Eind mei voerde Moba, fabrikant van machines voor het sorteren, verpakken en verwerken van eieren, een test uit met het 3D-metaalprinten van een proefmatrijs voor het spuitgieten van dikwandige onderdelen, die vaak een langdurige koeltijd kennen. Daarbij werkte het bedrijf uit Barneveld nauw samen met Trumpf, dat in 2015 zijn 3D-printmachines opnieuw op de markt bracht. De eerste voortekenen blijken gunstig: de cyclustijd kon met 30 procent worden bekort.
‘3D-metaalprinttechnologie is echt een enorme stap voorwaarts’
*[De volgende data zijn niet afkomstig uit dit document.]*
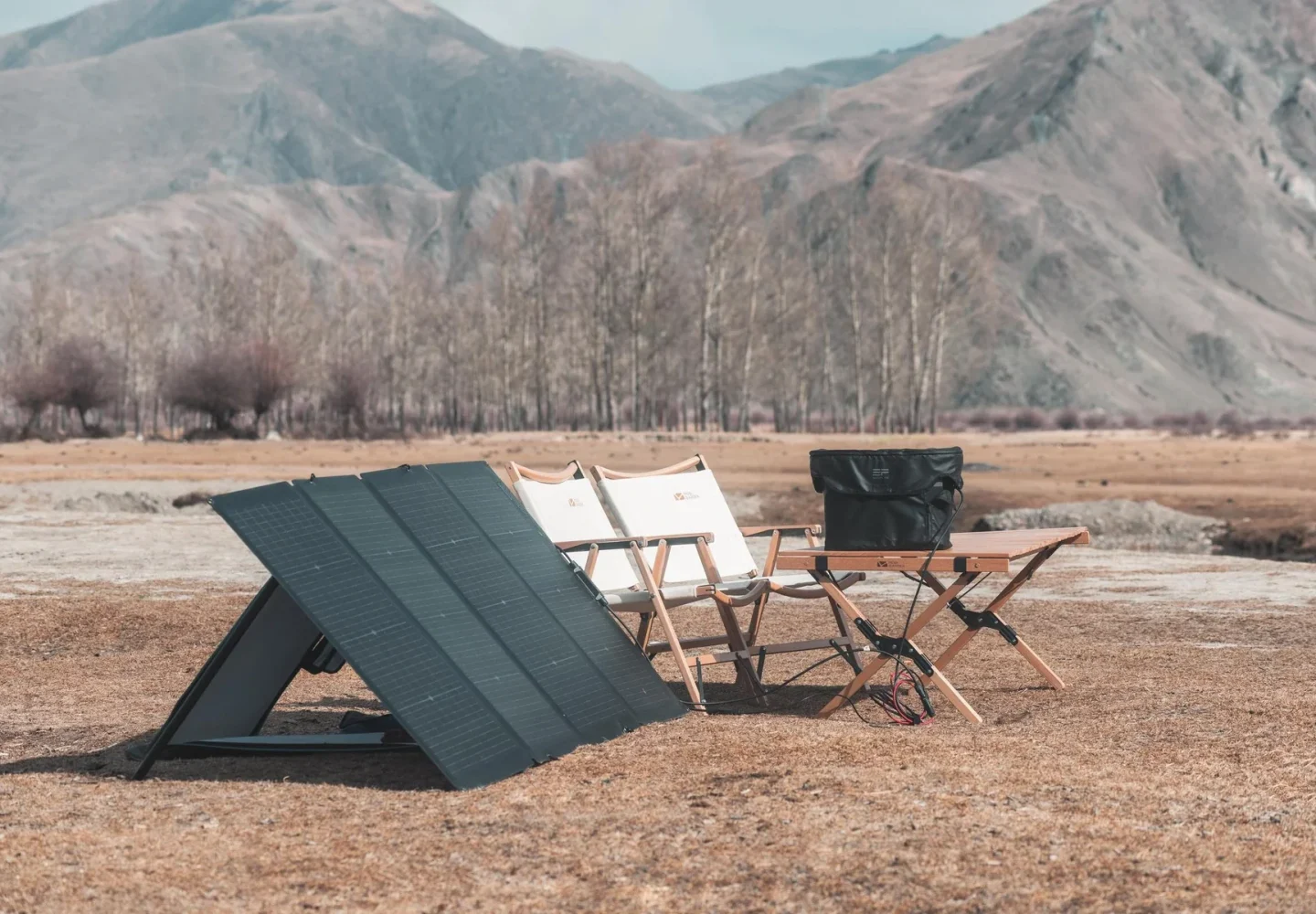 Por qué el panel solar EcoFlow de 220 W es perfecto para el uso diario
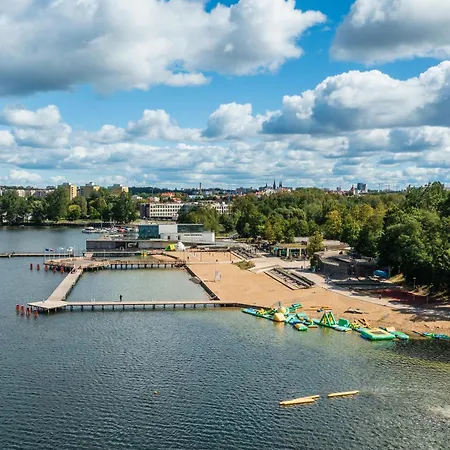 Lejlighed Ukiel Park 10 Przy Jeziorze Ukiel Przy Plazy Miejskiej Parking Fv Olsztyn (Warmian-Masurian)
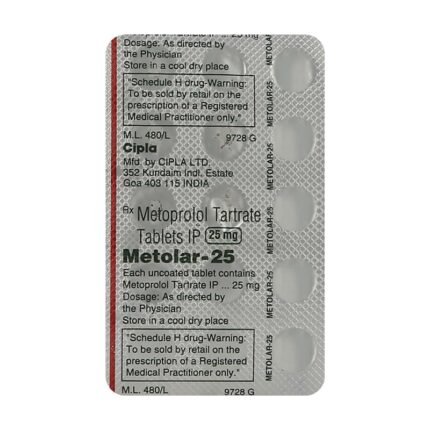 METOLAR INJECTION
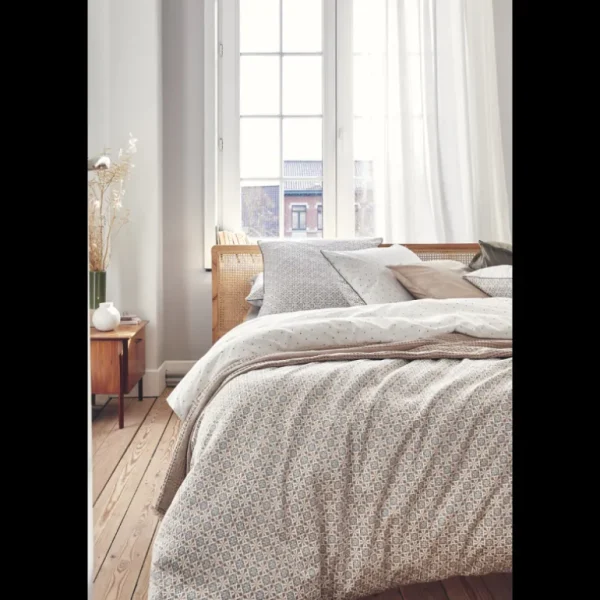 Essix Housses De Couette, Parures<Taie d'oreiller Percale Galadriel,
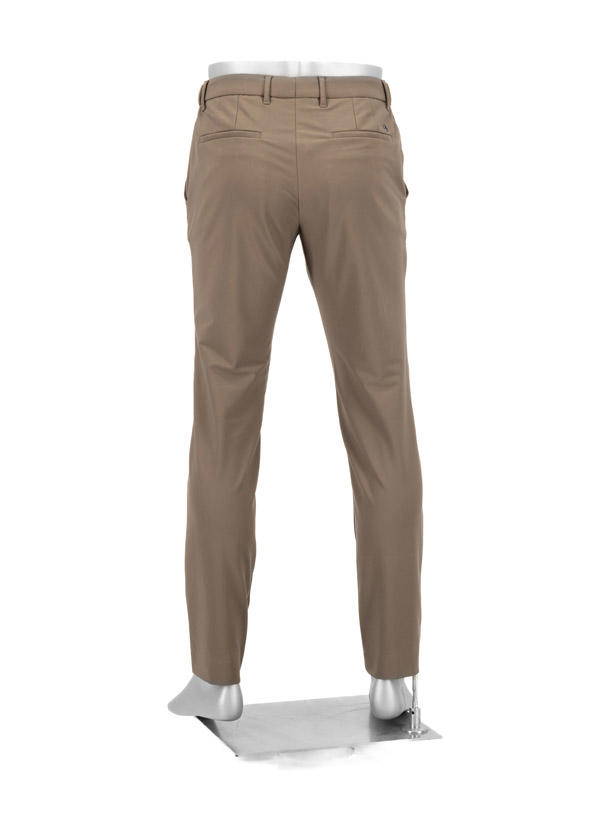 Alberto Slim Fit Mover Coffee 48561646/550 Image 3
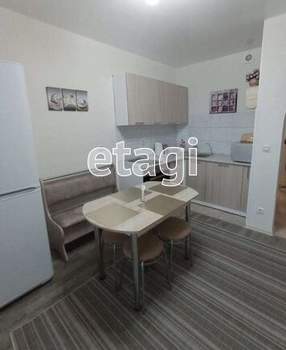 1-к квартира, на длительный срок, 36м2, 8/16 этаж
Het Duitse hightechbedrijf Trumpf begon in 1999 al met het ontwikkelen van de innovatieve 3D-printtechnologie, maar vanwege de aanvankelijk zeer beperkte adoptie in de markt duurde het tot 2014 voor het bedrijf weer instapte. ‘Toen ontstonden er steeds meer industriële toepassingen en inmiddels hebben we drie 3D-printmachines in ons portfolio: de TruPrint 1000, 3000 en 5000’, vertelt Lenn Hoek van Dijke, sales engineer additive manufacturing bij de Nederlandse vestiging in Hengelo. ‘De TruPrint 5000 heeft als belangrijk voordeel dat de bouwkamer tot 500 graden Celsius verwarmd kan worden. Dat betekent dat matrijzenbouwers ook materialen kunnen 3D-printen die ze bij de traditionele matrijzenbouw toepassen.’
Nauwkeurige maatvoering
3D-metaalprinten wordt inmiddels in diverse sectoren toegepast, vanwege de voordelen: minder gewicht (aerospace), lagere kosten voor klantspecifieke productie (medische technologie) en de opties in complexiteit. ‘In de matrijzenbouw heb je het dan over complexe, vormvolgende koelkanalen waardoor het kunststof product gelijkmatiger en sneller gekoeld kan worden. Door de gelijkmatige koeling is de maatvoering van het product nauwkeuriger. Dit is voor Moba essentieel, omdat er veel technische producten geproduceerd worden’, aldus Hoek van Dijke. ‘Een effectievere koeling betekent ook een verkorting van de cyclustijd, waardoor je meer producten in kortere tijd kunt produceren met als gevolg een reductie van de kostprijs per spuitgietproduct. ’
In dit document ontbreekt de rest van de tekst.